Row(Session_Connection_Time=8.0, Bytes Transferred=391.09, Kali_Trace_Used=1, Servers_Corrupted=2.96, Pages_Corrupted=7.0, Location='Slovenia', WPM_Typing_Speed=72.37)

# Format Data

In [26]:
from pyspark.ml.linalg import Vectors
from pyspark.ml.feature import VectorAssembler

In [28]:
data.columns

['Session_Connection_Time',
 'Bytes Transferred',
 'Kali_Trace_Used',
 'Servers_Corrupted',
 'Pages_Corrupted',
 'Location',
 'WPM_Typing_Speed']

In [50]:
assembler = VectorAssembler(inputCols = ['Session_Connection_Time',
                                        'Bytes Transferred',
                                        'Kali_Trace_Used',
                                        'Servers_Corrupted',
                                        'Pages_Corrupted',
                                         #'Location', is excluded as the hackers use VPNs 
                                        'WPM_Typing_Speed'],
                            outputCol = 'features')

In [51]:
datavec = assembler.transform(data)

# Scale The Data

In [46]:
from pyspark.ml.feature import StandardScaler

In [47]:
Scaler = StandardScaler(inputCol ='features', outputCol='scaled_features', withMean= False, withStd = True)

In [53]:
final_data = Scaler.fit(datavec).transform(datavec)

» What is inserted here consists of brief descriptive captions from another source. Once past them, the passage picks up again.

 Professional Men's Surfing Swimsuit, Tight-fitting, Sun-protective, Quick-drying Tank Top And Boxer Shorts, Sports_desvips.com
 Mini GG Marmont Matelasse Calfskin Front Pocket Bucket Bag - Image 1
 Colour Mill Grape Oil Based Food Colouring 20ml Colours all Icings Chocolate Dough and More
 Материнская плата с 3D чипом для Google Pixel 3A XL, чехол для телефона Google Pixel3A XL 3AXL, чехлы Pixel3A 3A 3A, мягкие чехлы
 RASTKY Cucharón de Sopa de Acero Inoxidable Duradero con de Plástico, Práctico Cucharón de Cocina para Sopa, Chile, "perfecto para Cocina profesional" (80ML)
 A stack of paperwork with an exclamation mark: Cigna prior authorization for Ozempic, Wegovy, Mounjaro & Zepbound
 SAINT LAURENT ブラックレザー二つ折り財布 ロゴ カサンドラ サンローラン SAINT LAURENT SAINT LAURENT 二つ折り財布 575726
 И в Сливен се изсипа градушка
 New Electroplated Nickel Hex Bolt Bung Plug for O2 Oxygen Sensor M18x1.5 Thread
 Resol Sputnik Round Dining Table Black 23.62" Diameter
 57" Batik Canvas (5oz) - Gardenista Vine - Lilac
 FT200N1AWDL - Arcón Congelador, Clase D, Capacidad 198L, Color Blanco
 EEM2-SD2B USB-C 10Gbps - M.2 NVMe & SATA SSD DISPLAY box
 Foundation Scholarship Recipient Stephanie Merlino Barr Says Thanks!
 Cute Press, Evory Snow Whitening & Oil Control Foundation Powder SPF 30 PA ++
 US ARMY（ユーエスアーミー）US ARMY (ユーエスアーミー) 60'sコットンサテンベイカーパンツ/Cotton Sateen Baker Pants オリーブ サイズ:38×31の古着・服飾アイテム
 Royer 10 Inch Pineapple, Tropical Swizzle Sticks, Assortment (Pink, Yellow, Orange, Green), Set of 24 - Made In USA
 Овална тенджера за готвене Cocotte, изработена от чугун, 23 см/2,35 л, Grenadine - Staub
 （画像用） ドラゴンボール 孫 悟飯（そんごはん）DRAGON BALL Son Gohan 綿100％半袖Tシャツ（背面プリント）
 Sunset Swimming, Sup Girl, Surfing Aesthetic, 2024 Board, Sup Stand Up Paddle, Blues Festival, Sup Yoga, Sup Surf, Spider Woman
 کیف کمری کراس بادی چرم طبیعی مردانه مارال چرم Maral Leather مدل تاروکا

# Train the Model and Evaluate

In [54]:
from pyspark.ml.clustering import KMeans

In [55]:
#Train KMeans model
kmeans_model_2 = KMeans(featuresCol = 'scaled_features', k = 2)
model2 = kmeans_model_2.fit(final_data)
kmeans_model_3 = KMeans(featuresCol = 'scaled_features', k = 3)
model3 = kmeans_model_3.fit(final_data)

In [56]:
#Evaluate the cluster model using Within Set Sum of Squared Error (WSSE) 
# but ComputeCost has been deprecated in Spark3.0 
wsse2 = model2.computeCost()
wsse3 = model3.computeCost()

AttributeError: 'KMeansModel' object has no attribute 'computeCost'

### Show the result

In [57]:
centers_of_clusters2 = model2.clusterCenters()
print('Cluster Center2 :')
for center in centers_of_clusters2 :
    print (center)

Cluster Center2 :
[1.26023837 1.31829808 0.99280765 1.36491885 2.5625043  5.26676612]
[2.99991988 2.92319035 1.05261534 3.20390443 4.51321315 3.28474   ]


In [58]:
centers_of_clusters3 = model3.clusterCenters()
print('Cluster Center :')
for center in centers_of_clusters3 :
    print (center)

Cluster Center :
[1.26023837 1.31829808 0.99280765 1.36491885 2.5625043  5.26676612]
[3.05623261 2.95754486 1.99757683 3.2079628  4.49941976 3.26738378]
[2.93719177 2.88492202 0.         3.19938371 4.52857793 3.30407351]


In [59]:
model2.transform(final_data).select('prediction').show()

+----------+
|prediction|
+----------+
|         0|
|         0|
|         0|
|         0|
|         0|
|         0|
|         0|
|         0|
|         0|
|         0|
|         0|
|         0|
|         0|
|         0|
|         0|
|         0|
|         0|
|         0|
|         0|
|         0|
+----------+
only showing top 20 rows



In [60]:
model3.transform(final_data).select('prediction').show()

+----------+
|prediction|
+----------+
|         0|
|         0|
|         0|
|         0|
|         0|
|         0|
|         0|
|         0|
|         0|
|         0|
|         0|
|         0|
|         0|
|         0|
|         0|
|         0|
|         0|
|         0|
|         0|
|         0|
+----------+
only showing top 20 rows



In [61]:
hacker_pred2= model2.transform(final_data).select('prediction')
hacker_pred2.groupBy('prediction').count().show()

+----------+-----+
|prediction|count|
+----------+-----+
|         1|  167|
|         0|  167|
+----------+-----+



In [62]:
hacker_pred3= model3.transform(final_data).select('prediction')
hacker_pred3.groupBy('prediction').count().show()

+----------+-----+
|prediction|count|
+----------+-----+
|         1|   88|
|         2|   79|
|         0|  167|
+----------+-----+



As hinted by the engineer, each hacker would have have a similar amount of actions,
so from the table comparison it is shown that there are 2 hackers sharing the same amount of incidents.